Anxious preoccupied attachment feels like we are constantly reaching and grasping. That is the sensation within our bodies. It shows up in our behaviors in a variety of ways, some of which I listed above.
The good news is that we can re-wire our brains and shift our attachment styles. I posted recently how, apparently, I have a mostly secure attachment style now. This was so shocking to me, because I have gone through a period of feeling that reaching and grasping, the anxiety that comes with the sense of abandonment pretty recently. I still felt anxiously attached.
The key was, and is, though that I was doing my best to not act anxiously attached. That I could slow down, get my logic brain engaged, consider all the circumstances of the situation, and then, usually, act and respond to the situations appropriately. Was I able to do that every time? No. No, I was not. Because I am human, and learning, and the whole not acting out of my trauma and raw emotions is a relatively new concept for me. And. I can say, that I was able to slow down more times than I not was able to.
I couldn’t have said this a year ago. Definitely not two years ago. Absolutely not three or more years ago. Though I could say that two years ago I was a bit better than three years ago, last year I was better at slowing down than the year before. Practice, patience, intention, self-compassion.
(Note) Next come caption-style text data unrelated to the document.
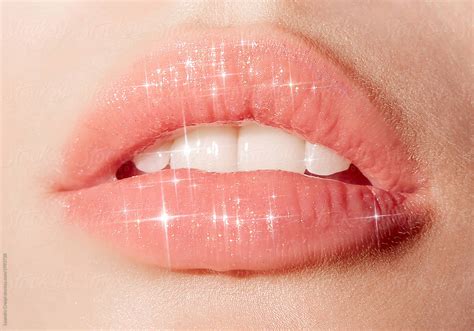 Fresh Mouth Closeup Juicy Sparkling Lips By Stocksy Contributor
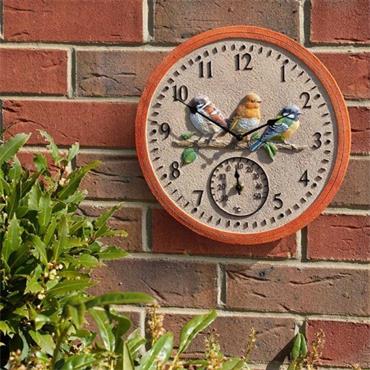 SG 12IN BIRDWOOD WALL CLOCK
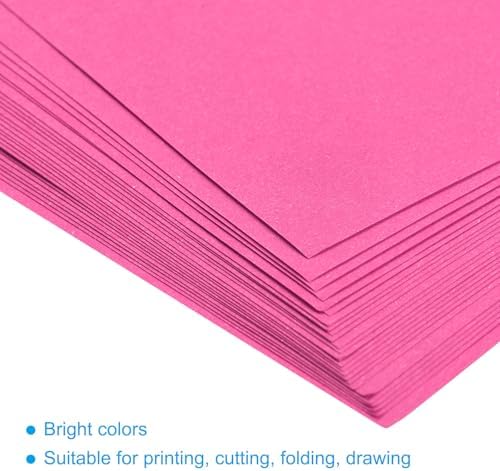 MECCANIXITY 25 Sheets Origami Paper Double Sided Fluorescent Pink 6x6 Inch Square Sheet for Art Craft Project, Beginners, Gifts Decor - Image 4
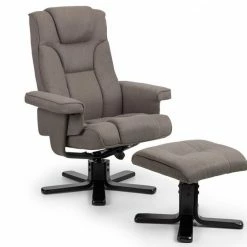 Julian Bowen Malmo Recliner And Foot Stool Grey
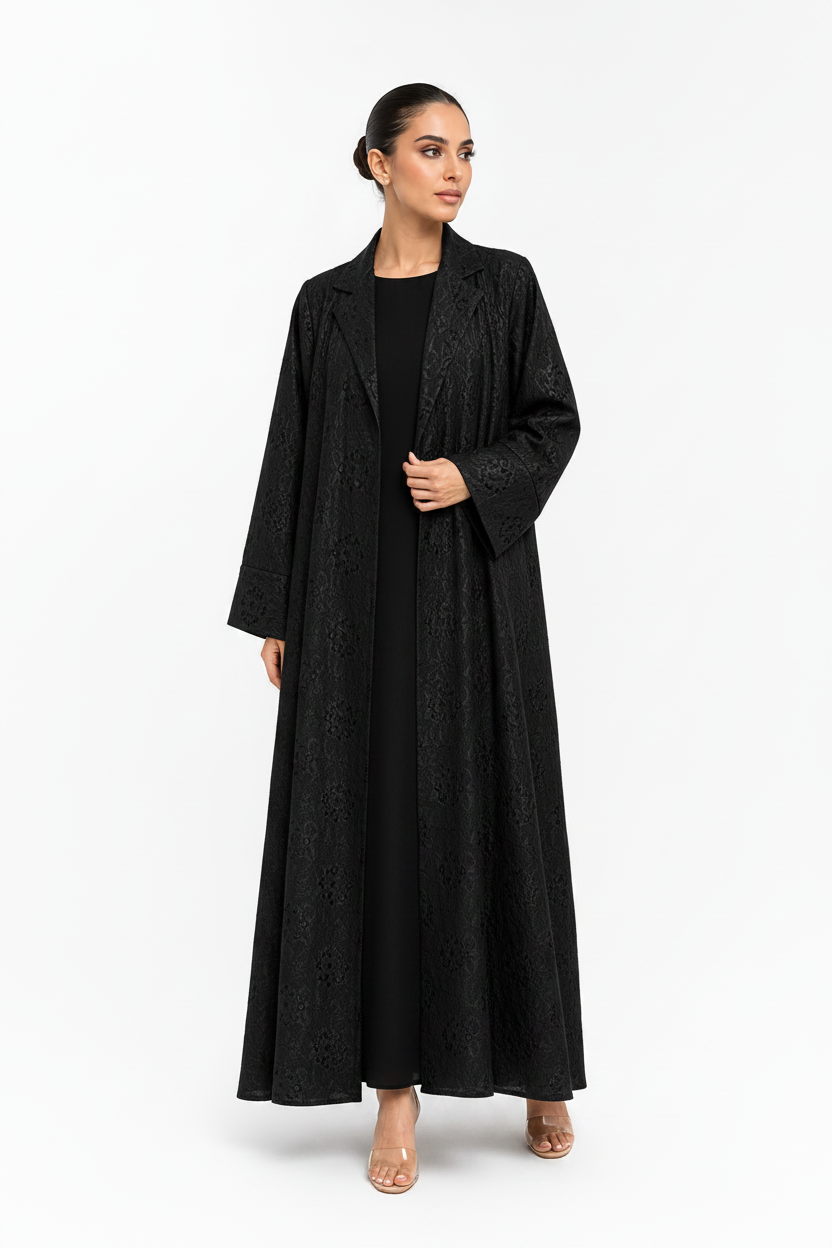 C 2611 Black Abaya
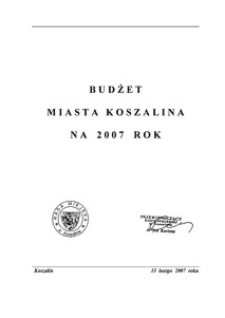 Uchwała Rady Miejskiej w Koszalinie nr VII/28/2007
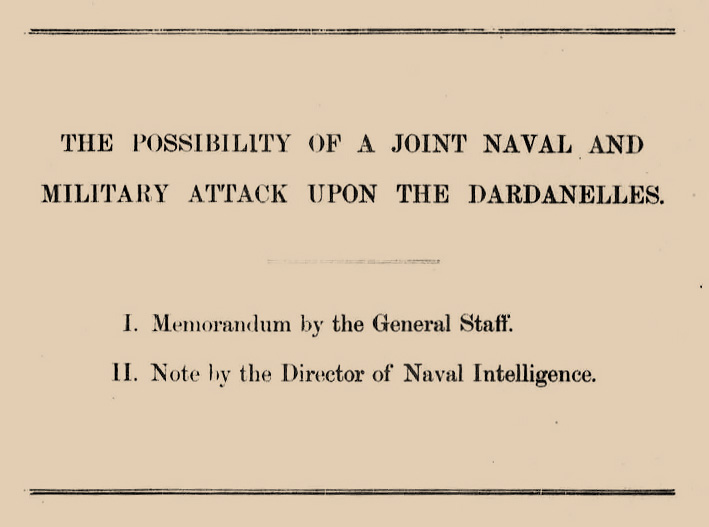 19061220 The Possibility Of A Joint Naval And Military Attack Upon The Dardanelles TNA CAB 38 12 60 2 2
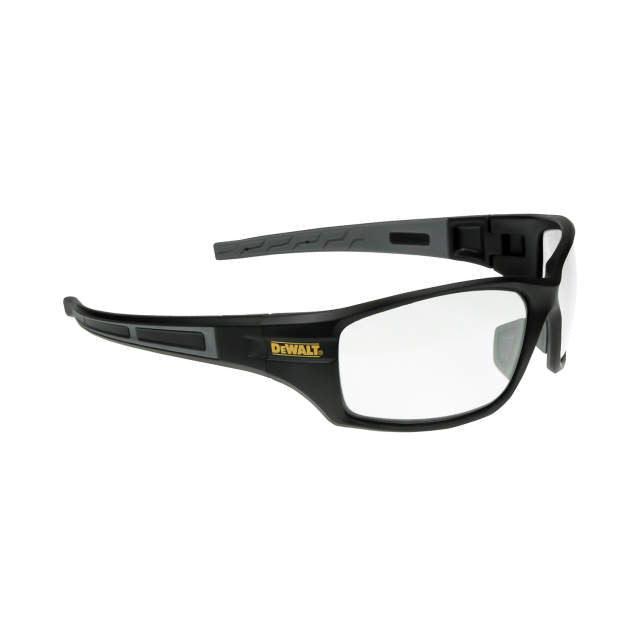 DEWALT DPG101 Auger® Protective Eyewear Clear Lens Black Frame
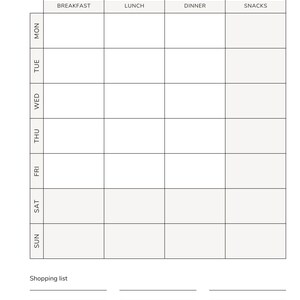 Vertical Diet Meal Plan PDF Printable for IBS, IBD, Food Sensitivity ...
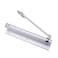 Automatic Door Closer 35kg Home Use Concealed Door Spring Hinge Buffer Punching Automatic Door Closer Arm (Matte Silver)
Those have been the four pillars of getting me to this place.
I don’t believe I will ever be “perfect” at not reacting from my anxious attachment style. I am not striving for “perfection”. This is a life long journey. There will be good days and not so good ones. There will be circumstances that allow me to slow down immediately and others that will require a lot of intention and awareness on my part to slow down my reactions.
This is true for all of us. I don’t believe I will, or anyone will, become 100% securely attached one day. The traumas I experienced impacted me too deeply for one. For another, life happens, more traumas are sure to come my way, my very old wounding will be poked at and opened up and I will find another layer to process, to grow from.
I believe this to be true of all of us. Layers upon layers. Exploring, expanding, shifting.